"Les héros d'une histoire ont toujours les yeux bandés"
Le genou de Claire est tout-à-fait remarquable, ce que Rohmer fait de mieux, sobre et intelligent même si le spectre du personnage-concept n'est, comme toujours, jamais très loin. De ce film, je ne retiendrai pas seulement que les pantalons patte d'éléphant c'était quand même quelque chose... J'ai beaucoup aimé les "bavardages" intempestifs des personnages sur l'amour ; à cet égard, le bavard l'est beaucoup moins lorsqu'il est amoureux, en témoigne la moment où Jérôme se trouve avec Claire sur son bateau. La discussion devient de suite plus difficile, et ils finissent par discuter de la météo. Autre moment remarquable, celui où Jérôme raconte à Aurora la manière dont le petit-ami de Claire lui touche le genou, qui traduit la violence du désir de Jérôme. Ce désir est tel qu'il affirme en substance qu'elle ne peut pas ne pas lui appartenir, se refuser de cette manière et accepter la manière grossière et gauche dont son copain lui caresse le genou.
Ce qui m'a le plus marqué dans ce film est la mise en abyme qu'opère Rohmer à travers la triptyque vie-littérature-cinéma. Le film parle donc de l'écriture d'un livre qui a pour sujet le jeu amoureux. Coup de force avec quelque part en tête non seulement que "la vraie vie c'est la littérature", comme le disait Proust et le cinéma ajouterait Rohmer, mais aussi que la fiction inféode le réel. Jérôme est en vacances sur les bords du lac d'Annecy pour voir son amie Aurora, écrivain. Il est aussi là pour lui servir "cobaye" pour reprendre leur expression, pas plus que n'importe quel personnage.

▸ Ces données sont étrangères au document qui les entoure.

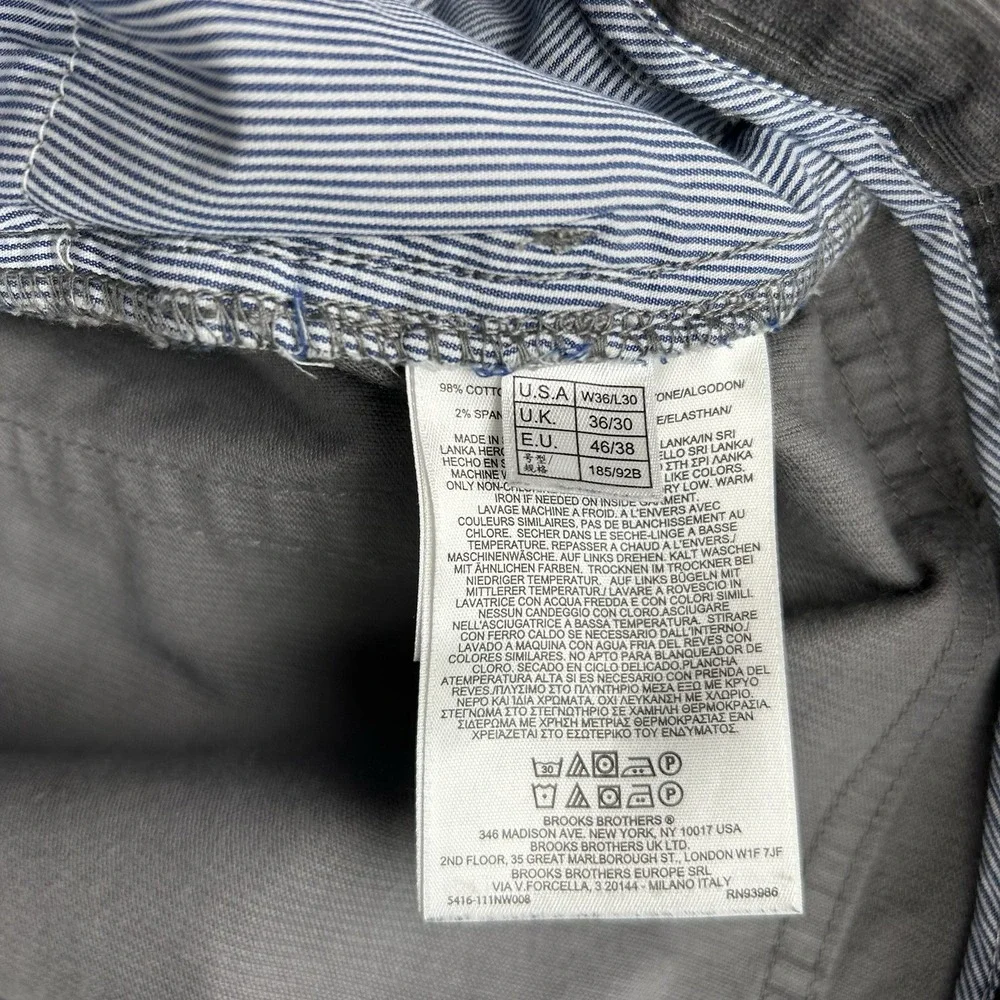 Brooks Brothers Pants Mens 36X30 Gray Corduroy Cotton Flat Front‎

Car "les héros d'une histoire ont toujours les yeux bandés comme elle le dit elle-même parlant de la peinture représentant Don Quichotte. C'est à elle de mettre en scène, elle a préparé les ingrédients nécessaires pour nourrir son roman, en cela elle semble échapper à cette inféodation entière au récit. Toutefois, c'est Claire, et plus précisément son genou, élément imprévu qui va nourrir cette écriture. Ce n'est pas la maturité intellectuelle de Laura qui l'intéresse mais la candeur et le physique de Claire qui vont violemment attirer Jérôme (l'opposition est clairement marquée) et ceci d'autant que si la première s'offre à lui, la seconde s'y refuse. Finalement, le désir, qui n'est ici guère différent d'un appétit, prend fin avec sa satisfaction, Jérôme parvient à caresser le genou de Claire. Et c'est ici que le message de Rohmer me paraît extrêmement fort : peu importe la cruauté du stratagème mis en place pour satisfaire ce désir, qui rappelons le, est tout-à-fait nécessaire à la poursuite de l'écriture du livre d'Aurora, l'important est que cela nourrisse la fiction. En cela, la scène lors de laquelle Jérôme raconte en détail le stratagème élaboré pour parvenir à sa fin est remarquable, il admet qu'il est allé assez loin mais se montre satisfait, le livre d'Aurora est désormais bien entamé. "La fiction vaut bien ça" nous susurre à l'oreille Rohmer.